Un peu plus de deux semaines après le début de l'opération «Bordure protectrice», la présidente brésilienne, Dilma Roussef, rappelait pour consultation son ambassadeur en Israël après avoir qualifié de «massacre» l'offensive de Tsahal. Israël a répondu par l'intermédiaire du porte-parole de son gouvernement, Yigal Palmor, en traitant de «nain diplomatique» le géant sud-américain.

«Le Brésil se fait le porte-voix des gouvernements qui n'acceptent pas la manière dont le droit international est piétiné en fonction des intérêts occidentaux. De plus, le pays compte assumer son statut de puissance émergeante. Il veut affermir son implication dans les grands dossiers qui agitent le monde. Il ne faut pas oublier qu'en 2010 le Brésil avait fait avec la Turquie une proposition d'accord sur le nucléaire iranien. Les Etats-Unis ont refusé mais Téhéran a accepté», explique le chercheur.

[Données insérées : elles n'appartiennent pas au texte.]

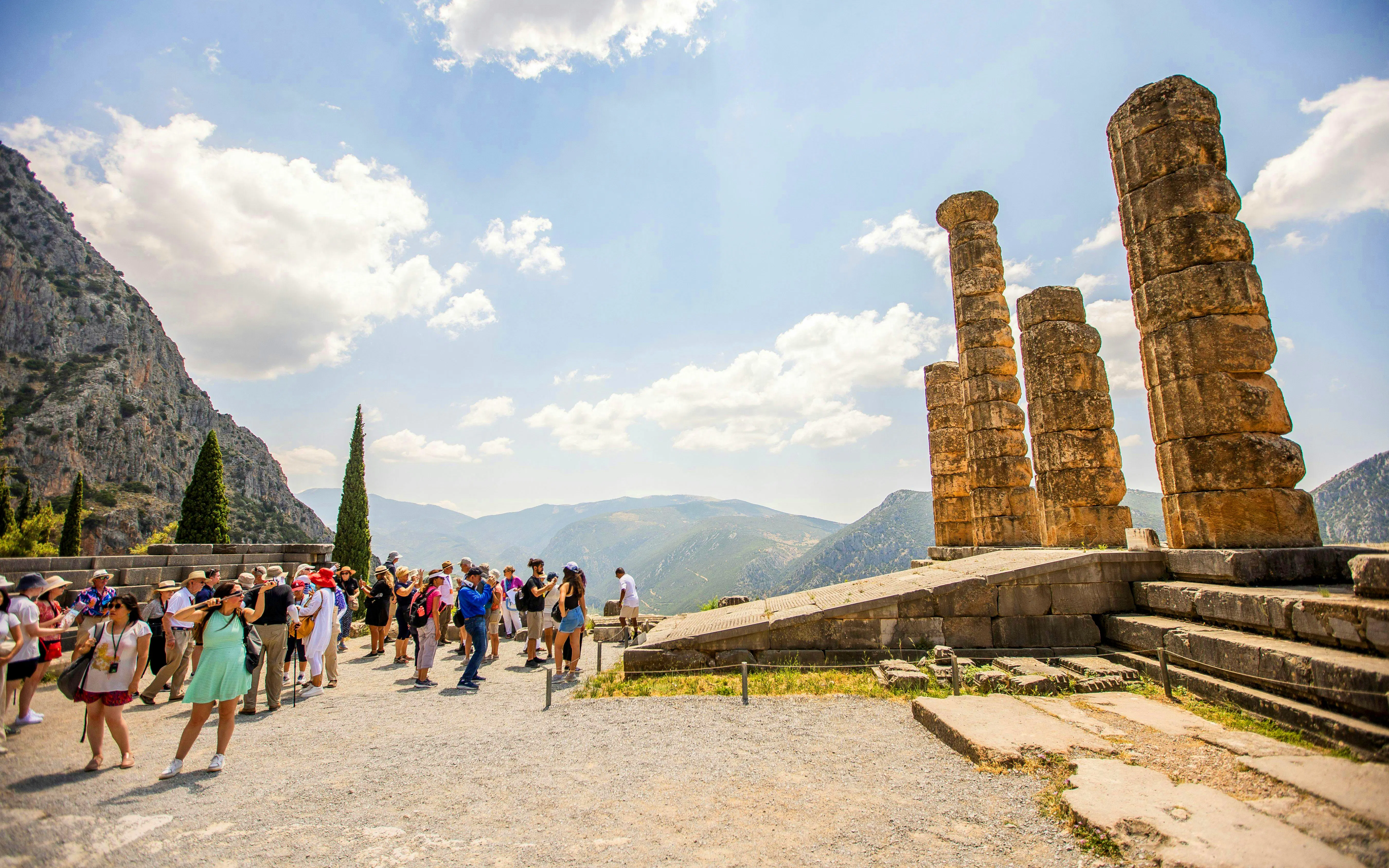 Tourists exploring ancient ruins at Delphi, Greece, with mountainous landscape in the background.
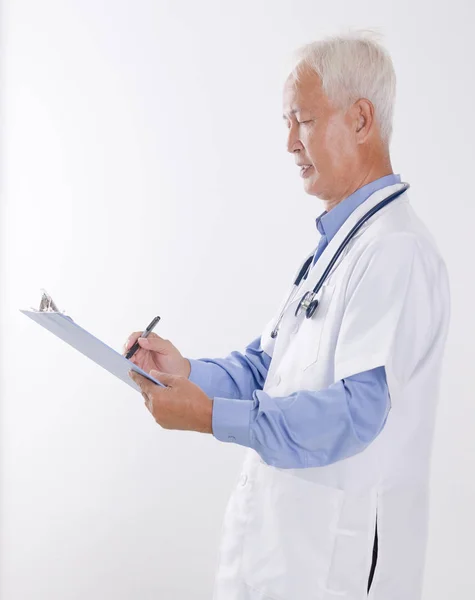 Senior Asian lekarza pisania raportu — Zdjęcie stockowe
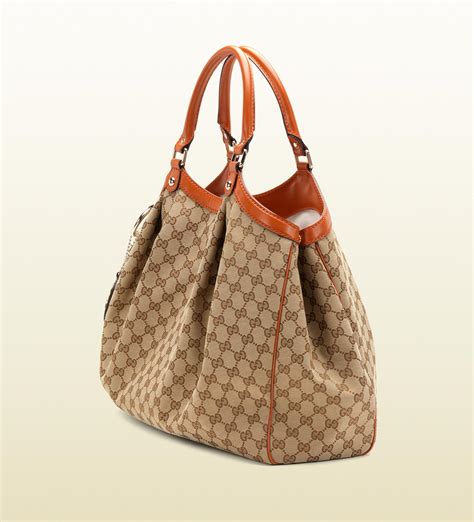 gucci sukey tote gold|Gucci Original GG Canvas Sukey Tote QFB1FK0EKB096 .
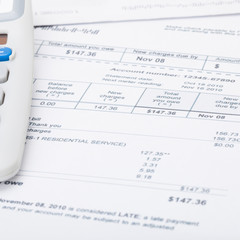Utility bill papers with calculator - 1 to 1 ratio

Le geste fort du Brésil a entraîné dans son sillage le Pérou, l'Equateur, le Chili et le Salvador à rappeler leurs ambassadeurs. L'Argentine a convoqué l'ambassadeur d'Israël et condamné sévèrement l'entreprise militaire israélienne. Le pays a pourtant une relation privilégiée avec Israël en raison de sa communauté juive qui avec 150 000 personnes est la plus importante d'Amérique latine. De même, la Colombie, pays le plus à droite du continent et confronté à un conflit militaire interne qui l'incline à soutenir «le droit à se défendre», a pris une position non-équivoque face à Israël. Pourtant le pays est l'allié traditionnel des Etats-Unis dans la région et son armée est notamment formée par Tsahal.

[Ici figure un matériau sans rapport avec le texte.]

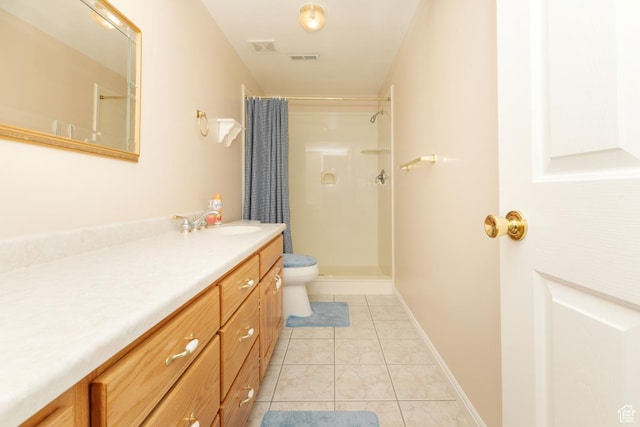 831 S 1150 E, Preston, ID 83263 - bathroom featuring vanity, a shower with shower curtain, tile patterned floors, toilet, and baseboards
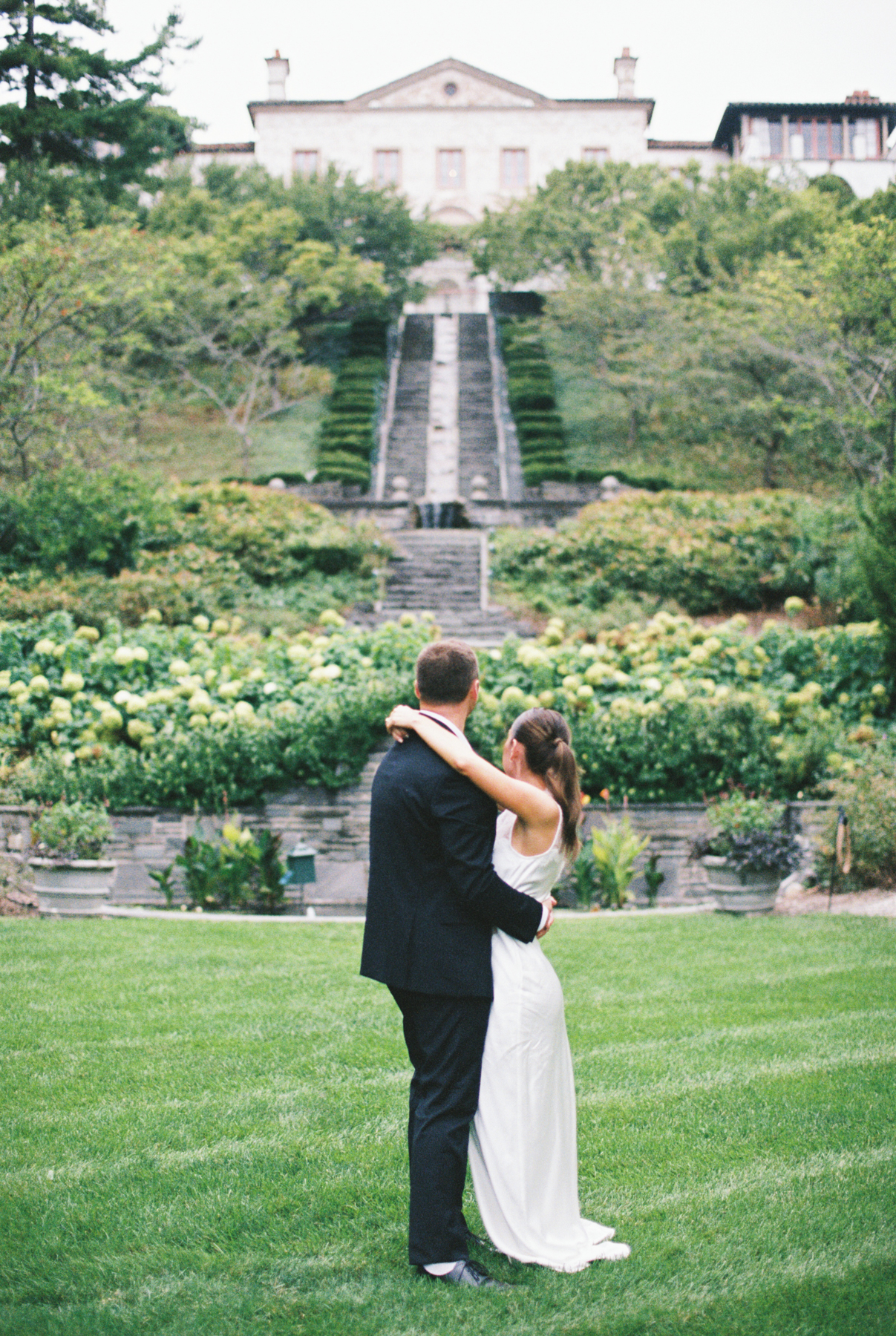 Couple out of focus with villa Terrace focus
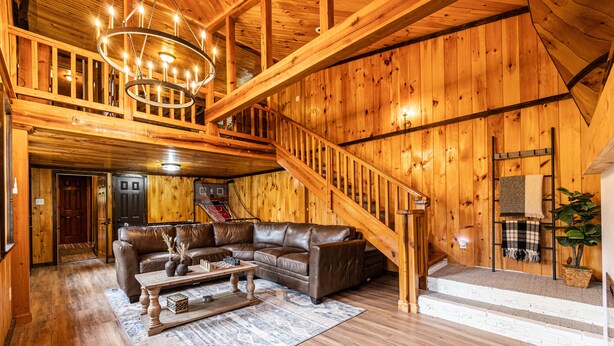 A spacious living room with a brown leather sofa, a wooden coffee table, and a staircase leading to an upper level.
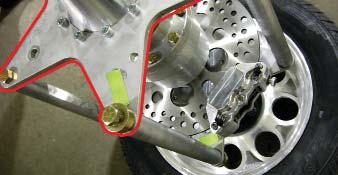If your pulley or sprocket has a center hole with a diameter of approximately 1.980 (50.292mm) then your pulley or sprocket will need to be machined. Install tool as shown using supplied bolts.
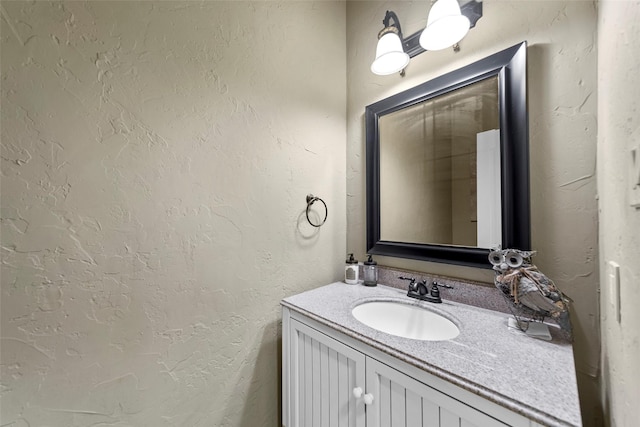 10528 Lago Vis, Quinlan, TX 75474 - bathroom with vanity and a textured wall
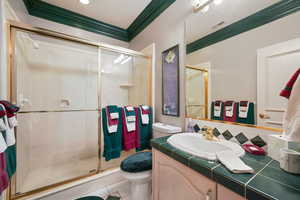 Bathroom with a shower stall, vanity, ornamental molding, tile patterned flooring, and tasteful backsplash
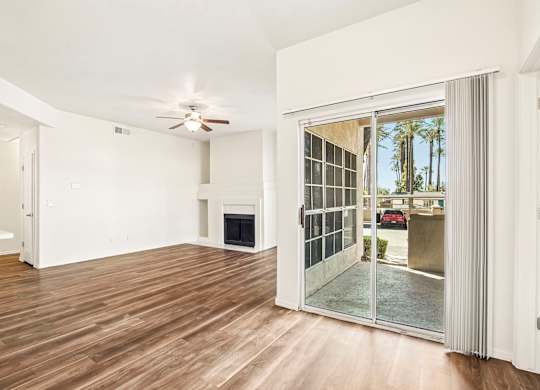 A room with a fireplace and a sliding glass door leading to a balcony.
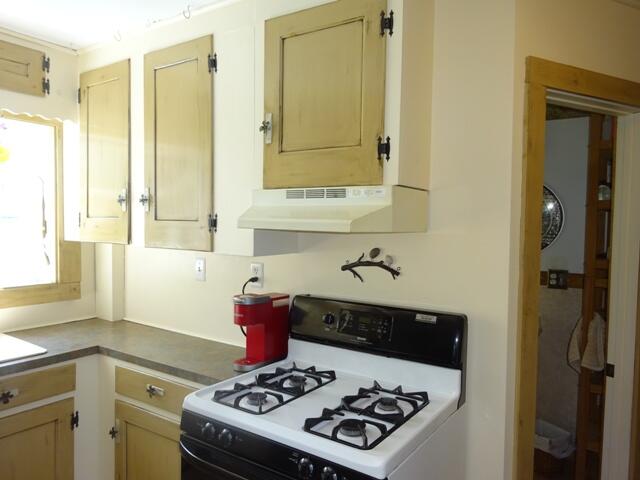 13 Old Salt Works Road Buzzards Bay, MA 02532 - Photo 12 of 49 a kitchen with a stove and a sink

Liens important entre les deux continents

«Il y a une relation charnelle entre les pays arabes et l'Amérique Latine», raconte Christophe Ventura. Ainsi le Vénézuela abrite une grande communauté syrienne. Au Brésil également, nombreux sont les citoyens ayant une origine syrienne ou libanaise. Leur part monterait à 6% de la population totale. «La communauté arabe au Brésil est très présente, tant dans la vie culturelle qu'économique ou politique. C'est un facteur qui compte, rapporte Christophe Ventura. D'ailleurs, c'est pour cela que l'ancien président brésilien Lula a pendant son premier mandat fortement contribué à créer des échanges importants avec le Proche-Orient. Entre 2001 et 2010, les exportations du Brésil vers le Moyen-Orient ont augmenté de 63%. Et de 330% avec l'ensemble des pays du Mercosur. Il ne faut pas oublier non plus que Lula fut le premier président sud-américain à se rendre en Palestine en 2002.»

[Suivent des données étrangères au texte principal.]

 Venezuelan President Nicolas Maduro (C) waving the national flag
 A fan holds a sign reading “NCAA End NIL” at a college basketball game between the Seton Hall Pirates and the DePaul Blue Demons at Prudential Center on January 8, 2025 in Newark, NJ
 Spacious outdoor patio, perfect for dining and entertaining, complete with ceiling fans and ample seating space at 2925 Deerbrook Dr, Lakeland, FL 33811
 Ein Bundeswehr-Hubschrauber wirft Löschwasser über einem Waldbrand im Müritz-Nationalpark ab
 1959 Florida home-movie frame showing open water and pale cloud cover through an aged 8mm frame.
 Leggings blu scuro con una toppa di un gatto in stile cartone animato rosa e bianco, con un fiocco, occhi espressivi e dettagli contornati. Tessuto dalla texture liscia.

À l'instar de l'Europe, des manifestations de soutien aux habitants de Gaza ont eu lieu un peu partout sur le continent latin. Le 26 juillet, une protestation devant l'ambassade israélienne a donné lieu à des heurts avec les forces de l'ordre tandis que le 1 août à Brasilia, le comité de soutien au peuple palestinien demandait officiellement la fin des relations diplomatiques avec Israël. «L'Amérique latine a un rapport différent des Américains et des Européens avec la fondation de l'Etat hébreu, analyse le chercheur à l'IRIS. Pour eux, la question israélo-palestinenne est celle d'un conflit colonial au XXIe siècle. Il y a donc chez les latinos-américains une identification à la cause palestinienne qui crée une forte empathie. Cette idée coloniale est insupportable pour l'opinion publique. Tout comme celle-ci est frappée par la violence qui s'est abattue sur Gaza.»